The waning days of the Mark McGwire Highway

The Missouri State Senate voted unanimously Monday to rename the Mark McGwire Highway, a stretch of Interstate 70 that passes through St. Louis and St. Louis County. The roadway has been designated in honor of McGwire, the Cardinals' firstbaseman who swatted 70 home runs in a single-season, since 1999.

Like the decision to name the thoroughfare after the home run champ in the first place, the politicians know a popular cause when they see one. The name suggests steroids now, but during the historic baseball summer of 1998, lawmakers were chasing hard after that Big Mac bandwagon. In the state's gubernatorial race that year, Democrat Jay Nixon, acting in his capacity at the time as Attorney General, announced a mid-summer crackdown on con artists that were forging McGwire's signature on baseball memorabilia. This announcement required that Nixon pose for pictures standing next to the Cardinals slugger.

Nixon's Republican opponent in the race, Christopher "Kit" Bond, the first elected official to champion the McGwire name on the road, incidentally, also tried to piggyback on the Great Home Run Race of '98 by firing off an angry, public letter to the Internal Revenue Service. One of the muckety-mucks at the IRS had just had the gall to suggest that the fan who came up with the swatted baseball as souvenir after an historic McGwire clout would have to pay a gift tax if he or she returned the sphere to McGwire.

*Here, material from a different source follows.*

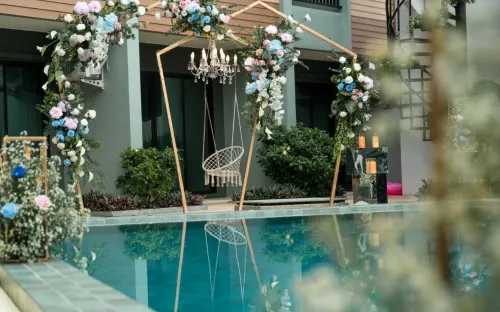 Phuket Airport Place Benessere e tempo libero Photos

There were no photo ops available with this Bond maneuver, however, so he promoted his courageous showdown with the tax collectors again during a televised debate.

What does McGwire, the Cardinals new hitting coach, have to say about the latest name change? "If it turns out they do," he said this week, "I was honored to have it for 10 years." He called it "a cool honor" to have the highway named for him at all, but one gets the impression he never cared much one way or the other. It's got to be a kick in the pants to have an honor like that to fall back on for posterity's sake, but I doubt that John Kennedy would be racing right out to visit his airport in New York City if he came back to life today.

If the measure to rename now passes the Missouri House, the roadway will return to its previous moniker, "The Mark Twain Expressway," but something tells me Twain wouldn't give a flying fig about this either. He'd certainly find the humor in the politicians' dedication and overheated efforts toward a road that most people just refer to as "Interstate 70.". As Twain's literary alter ego, Huckleberry Finn, expressed 125 years ago, "H'aint we got all the fools in town on our side? And ain't that a big enough majority for any town." So let's just take a moment instead to taste the delicious irony of the Show-Me State's elected Moral Guardians reinstalling the honor on behalf of Twain, the most prominent atheist in Missouri history. Expect the next uproar from the state's ministers, or maybe that dust-up has faded.

Sadly, we still struggle to see people and accept them for their human limitations. We can celebrate the successes, sure-- overcelebrate them, but eventually the individual must be torn down for his or her failings. As Huck Finn also said, "Human beings can be awful cruel to one another."